Work task — Find and copy every line in the records that includes the string "going".

Task data —
━━━━━━━━━━━━━━━━━━━━

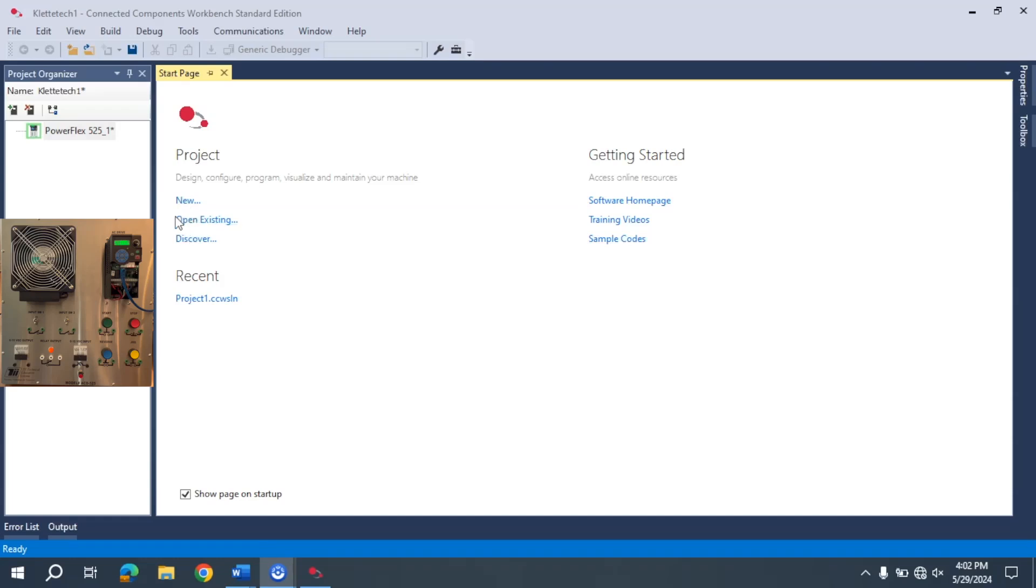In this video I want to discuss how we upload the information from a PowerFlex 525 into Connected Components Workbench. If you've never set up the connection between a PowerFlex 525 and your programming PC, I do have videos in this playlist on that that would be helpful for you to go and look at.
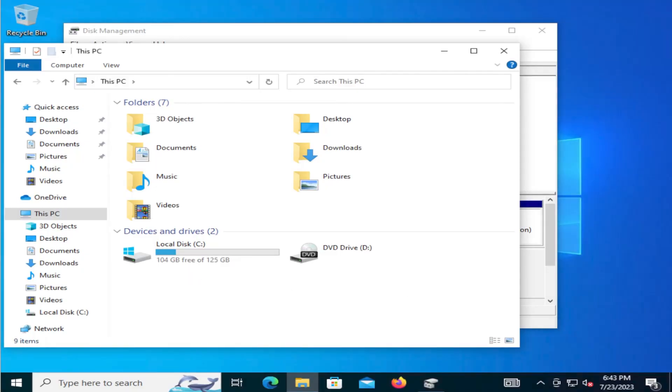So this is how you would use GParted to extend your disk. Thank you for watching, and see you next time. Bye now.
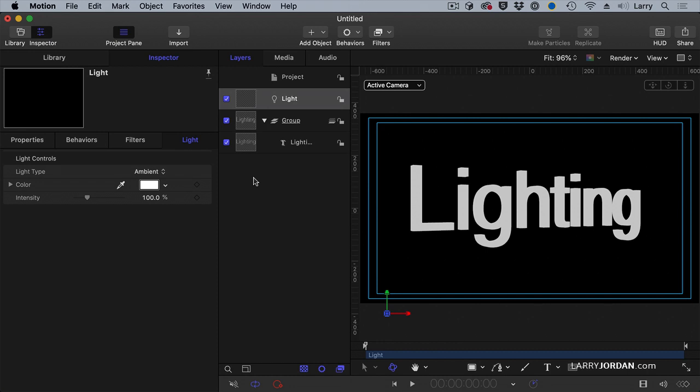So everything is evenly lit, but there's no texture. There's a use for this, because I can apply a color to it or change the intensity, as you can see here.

━━━━━━━━━━━━━━━━━━━━

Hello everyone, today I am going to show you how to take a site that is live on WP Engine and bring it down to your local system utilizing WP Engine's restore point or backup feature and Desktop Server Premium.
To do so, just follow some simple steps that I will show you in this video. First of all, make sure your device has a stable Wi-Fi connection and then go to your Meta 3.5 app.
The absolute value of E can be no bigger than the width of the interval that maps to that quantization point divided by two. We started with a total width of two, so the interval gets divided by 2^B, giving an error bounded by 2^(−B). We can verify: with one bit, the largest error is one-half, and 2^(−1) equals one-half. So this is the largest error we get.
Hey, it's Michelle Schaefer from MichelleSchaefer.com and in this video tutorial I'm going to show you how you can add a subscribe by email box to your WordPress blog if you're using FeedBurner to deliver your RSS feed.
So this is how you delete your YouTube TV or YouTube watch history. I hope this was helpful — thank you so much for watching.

━━━━━━━━━━━━━━━━━━━━

Final answer —
Hello everyone, today I am going to show you how to take a site that is live on WP Engine and bring it down to your local system utilizing WP Engine's restore point or backup feature and Desktop Server Premium.
Hey, it's Michelle Schaefer from MichelleSchaefer.com and in this video tutorial I'm going to show you how you can add a subscribe by email box to your WordPress blog if you're using FeedBurner to deliver your RSS feed.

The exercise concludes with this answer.